Eine Meta-Analyse, veröffentlich im Mai 2024, aus 22 einzelnen Studien kam zu dem Schluss, dass ein niedriger Vitamin D-Spiegel ein eigenständiger Risikofaktor für Herzkreislauferkrankungen bei Diabetikern darstellt.

Diabetiker sind typische Patienten in jeder Hausarztpraxis. Herzkreislauferkrankungen sind die häufigsten Komplikationen bei dieser Erkrankung. Wie viel Leid würde man verhindern, würde man wirklich eine evidenz-basierte Vitamin D-Therapie einführen. Diese neue S3-Leitlinie ist eine vertane Chance. Sie wird zu einer Leidlinie im wahrsten Sinne des Wortes.

Zum Glück sind S3-Leitlinien nicht rechtlich bindend. Zum Glück gibt es viele Ärzte, die selbständig denken und Vitamin D3-Messungen durchführen. Bei sich, bei ihrer Familie und bei ihren Patienten. Und zum Glück nehmen Patienten ihre Gesundheit in die eigenen Hände.


Quelle:

https://www.aerztezeitung.de/Medizin/Empfehlungen-zur-Vitamin-D-Substitution-Neue-Leitlinie-angekuendigt-450433.html

Iqhrammullah M, Gusti N, Andika FF, Abdullah A. Association of serum vitamin D and the risk of cardiovascular diseases among diabetic patients: A systematic review and meta-analysis. Clin Nutr ESPEN. 2024 Aug;62:66-75. doi: 10.1016/j.clnesp.2024.04.018. Epub 2024 May 15. PMID: 38901950.


Über die Autorin:


"Kyra Kauffmann, Jahrgang 1971, Mutter zweier kleiner Söhne, Volkswirtin, seit 20 Jahren niedergelassene Heilpraktikerin, Buchautorin, Dozentin, Journalistin und seit 3 Jahren begeisterte Medizinstudentin.

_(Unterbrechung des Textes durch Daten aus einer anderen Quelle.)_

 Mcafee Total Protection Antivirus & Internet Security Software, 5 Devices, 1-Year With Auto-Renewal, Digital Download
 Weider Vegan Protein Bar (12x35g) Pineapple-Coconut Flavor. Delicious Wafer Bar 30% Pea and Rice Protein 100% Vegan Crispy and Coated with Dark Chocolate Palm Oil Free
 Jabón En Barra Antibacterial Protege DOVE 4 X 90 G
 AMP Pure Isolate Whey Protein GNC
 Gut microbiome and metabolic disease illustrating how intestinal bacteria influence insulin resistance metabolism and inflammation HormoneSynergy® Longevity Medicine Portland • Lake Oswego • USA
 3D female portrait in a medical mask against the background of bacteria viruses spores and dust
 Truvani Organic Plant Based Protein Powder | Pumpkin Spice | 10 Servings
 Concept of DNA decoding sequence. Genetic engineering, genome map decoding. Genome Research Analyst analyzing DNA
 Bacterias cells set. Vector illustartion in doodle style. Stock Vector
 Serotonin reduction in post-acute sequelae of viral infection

Zur Medizin kam ich durch meine eigene schwere Erkrankung mit Anfang 30, bei der mir seinerzeit kein Arzt wirklich helfen konnte. („Ihre Werte sind alle super – es ist alles rein psychisch!“). Hilfe bekam ich von Heilpraktikern, die zunächst einmal eine wirklich gründliche Labordiagnostik durchgeführt haben, ganz nach dem Vorbild von Dr. Ulrich Strunz. Es war eine neue Welt, die sich mir eröffnete und die Erkenntnisse, haben mich sofort fasziniert (ohnehin bin ich ein Zahlen-Daten-Fakten-Fan und habe nicht umsonst das Studium der VWL gewählt). Die Begeisterung war so groß, dass ich meinen alten Beruf an den Nagel hängte und Heilpraktikerin wurde. Meine Praxis führe ich seit 20 Jahren mit großer Begeisterung und bin – natürlich - auf Labordiagnostik spezialisiert und kann so oft vielen Symptomen auf den Grund gehen. In 2 Jahren hoffentlich dann auch als Ärztin.